Basic Principles of Three-Dimensional Graphics (Introduction to Computer Graphics Using Java 2D and 3D) Part 4

Projections

So far, transformations were used to position objects in a scene or to move them in animations. For the representation of a three-dimensional scene on a flat computer screen a projection to the two-dimensional plane is required. Such projections can also be described in terms of geometric transformations.

For the representation of a three-dimensional scene, the viewer’s position and the projection plane need to be defined. The viewer looks in the direction of the projection plane, which can be interpreted as a kind of window behind which the virtual world lies.

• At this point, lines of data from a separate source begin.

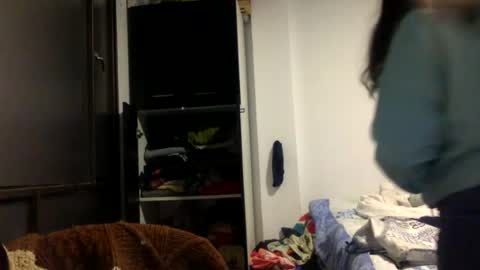 Tatica Sex online show from 22, 6, 2026
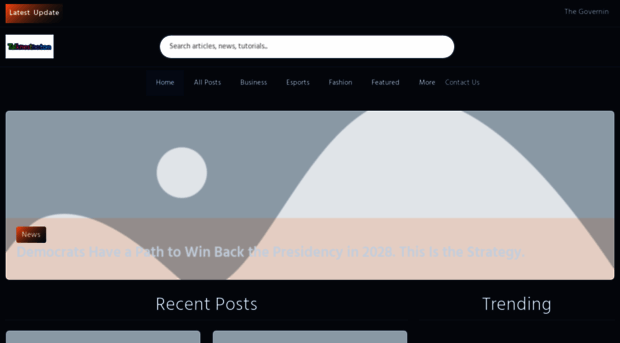 talknestnotes.com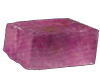�ۺ췽��ʯ����|Pink calcite|����������ˮ������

The projection of an object onto this plane is obtained by connecting the points of the object with the centre of projection and computing the intersection points of these lines, called projectors, with the projection plane. This method is illustrated on the left-hand side of Fig. 5.8. It is called perspective projection.

When the centre of projection is moved farther and farther away from the projection plane and finally moved to infinity, the projectors become parallel lines. In this case, it is not necessary to specify a centre of projection, only the direction of the projection is needed. For such a parallel projection, the projectors are all parallel to this direction. Usually it is assumed that the direction of projection is perpendicular to the projection plane. A parallel projection is shown on the right-hand side of Fig. 5.8.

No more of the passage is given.